The SNAP Shutdown Saga: NPS vs. the White House
Ah, the plot thickens in this SNAP showdown—now the National Park Service (NPS) is dropping truth bombs on Facebook, turning a budget brawl into a full-on federal family feud. (Pro tip: When even the rangers are side-eyeing the White House, you know it's bad.)
Let's dissect this post with the latest dirt from the shutdown saga, because yeah, it's as messy as a Yosemite trail after a bear buffet.

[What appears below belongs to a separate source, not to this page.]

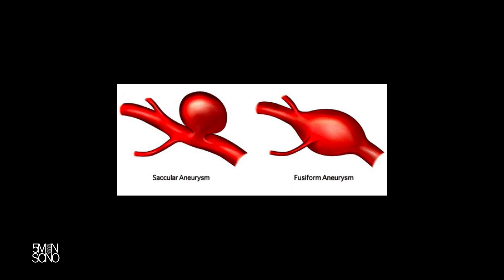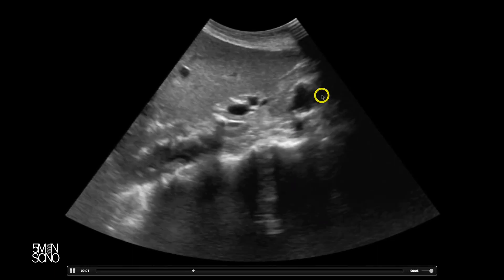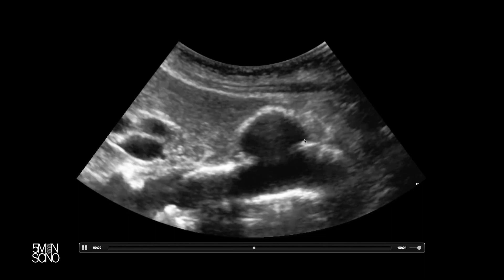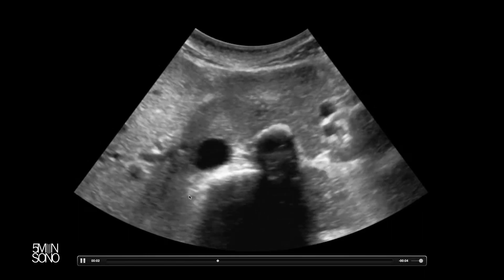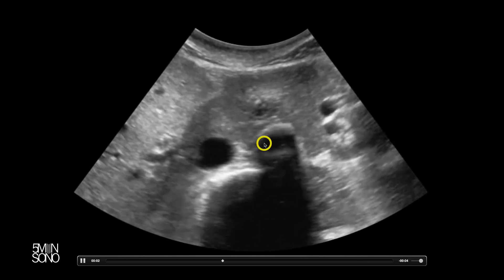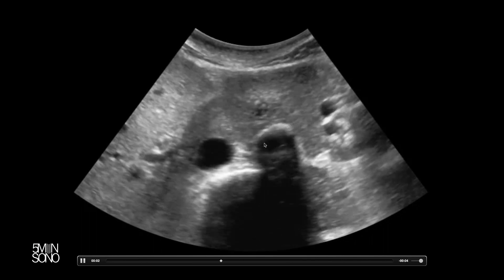Up until this point, we've only been talking about fusiform aneurysms, which are the most common by far. Saccular aneurysms definitely occur, and that's the reason why it's important to scan the entire aorta. Here is an aorta in long axis — the heart is over here, here's the liver. If we had only scanned up to a certain point, we might've missed this little aneurysm that's all the way over here. That's why it's important to scan all the way down. Here it is zoomed in — a saccular aortic aneurysm. In short axis, it looks pretty normal, and then you get this weird little outpouching right here. Whenever I see something like this, I always turn to a longitudinal view just to confirm it's a saccular aneurysm and not just an ectatic aorta.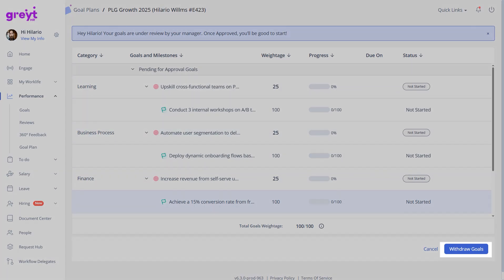However, if you need to make changes, you can withdraw the goals by clicking the Withdraw button.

The Post: NPS Goes Full Activist Mode
The official NPS Facebook page (which, fun fact, has 15M+ followers and usually sticks to majestic elk pics) fired off this zinger on October 25, 2025, amid the shutdown's week four chaos. It's a direct shot at the Trump admin's USDA for issuing a memo that basically says, "No soup for you—in November."

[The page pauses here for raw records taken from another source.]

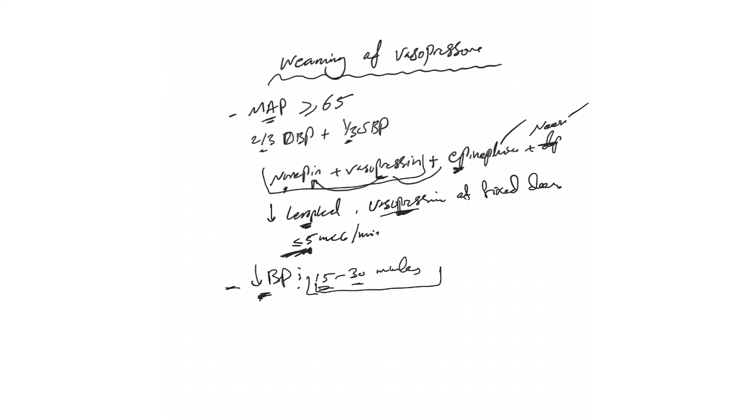When you decide to restart, the nurses should know again the order that they should start vasopressor. Take the one you added last first, and then just by order, except the norepi and vasopressin case we talked about.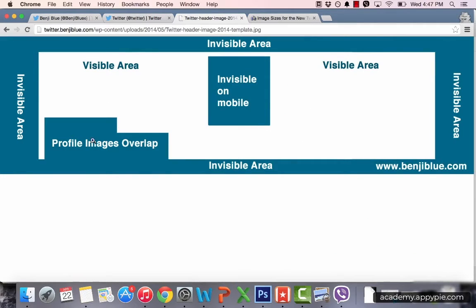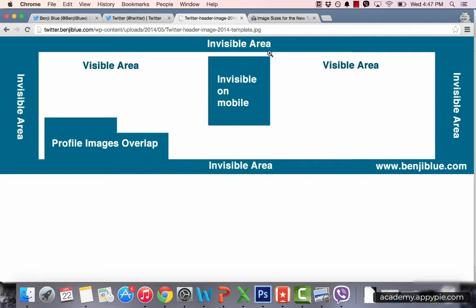I've created a header template for you — you can download it in the downloadable area of this lecture, or go to TwitterBenjiBlue.com to get it. What you're looking at is the full 1500 by 500 canvas, but these areas indicate where Twitter crops. These invisible areas show where your profile image will overlap depending on your device, and this part here is invisible on mobile because that's where your profile image sits. So feel free to use this space, just don't put any calls to action or prominent content inside those areas.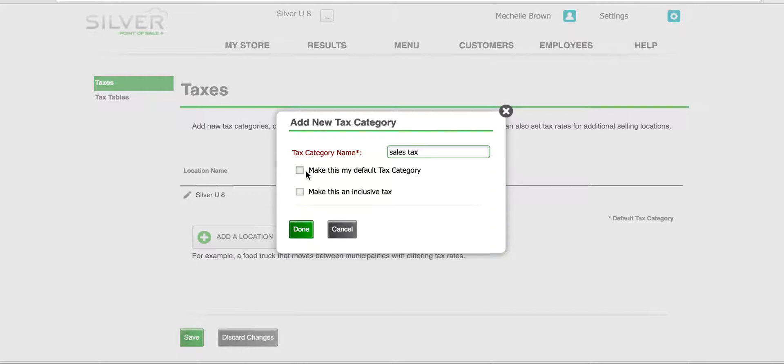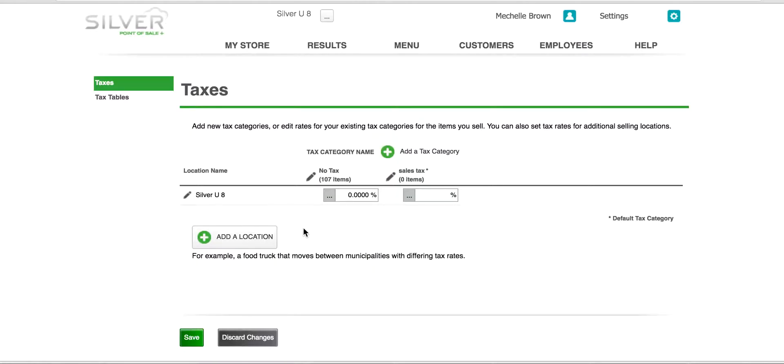We will also click the checkbox for making this our default tax category so that all the items that we sell in our restaurant or store will be added under sales tax. Click done and you will see your sales tax appear in the section next to your store name.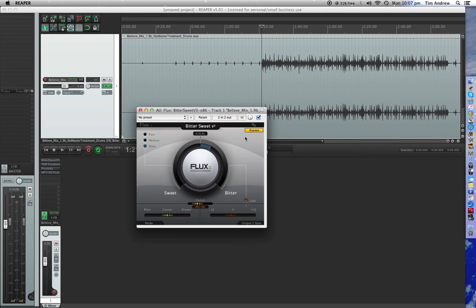This one here is from a company called Flux and their plugin's called Bittersweet Version 3. This is a very cool plugin that I'm sure you're gonna love and want to put it in your bag.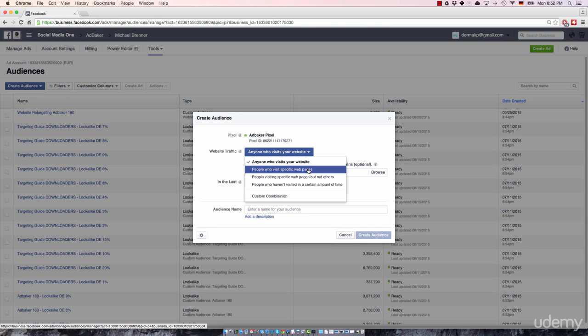or I just want to reach out and reengage with visitors who viewed a particular offer or who made it to the squeeze page. So what you can do by choosing this option is targeting only a specific set of your website visitors.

The post calls out the refusal to dip into ~$5–6 billion in congressionally allocated contingency funds (meant for emergencies, including lapses like this), labeling it an illegal power grab. And the kicker? It accuses the admin of acting “above the law,” which has ruffled feathers from DC to Denali.
This isn't NPS's first rodeo with shutdown shade—parks are already half-staffed, with visitor centers shuttered and rangers furloughed. But weighing in on SNAP? That's a bold pivot, tying park woes to broader federal famine fears.
The USDA Memo: The Smoking Gun (or Empty Pantry?)
On October 24, USDA Secretary Brooke Rollins dropped a two-page memo stating flat-out: No using the contingency fund for November's ~$8 billion SNAP tab if the shutdown drags past Halloween.
The USDA argues the funds are reserved for “true emergencies” like hurricanes, not “Democrat-manufactured shutdowns.”
October benefits? Safe. November? Hold the turkey—42 million Americans could get zilch starting the 1st, right as holiday hunger spikes.
Is It Actually Illegal? The Legal Hunger Games
Yes, withholding appropriated funds may violate the Impoundment Control Act of 1974. Courts may see SCOTUS drama by December.
Tying Back to Our Banter: Who Ya Got?
Families aren’t pawns in this—they’re the board. If banter’s the game, NPS just dropped the mic: “Above the law? Nah, even Smokey Bear knows rules apply to forest fires and funding fights.”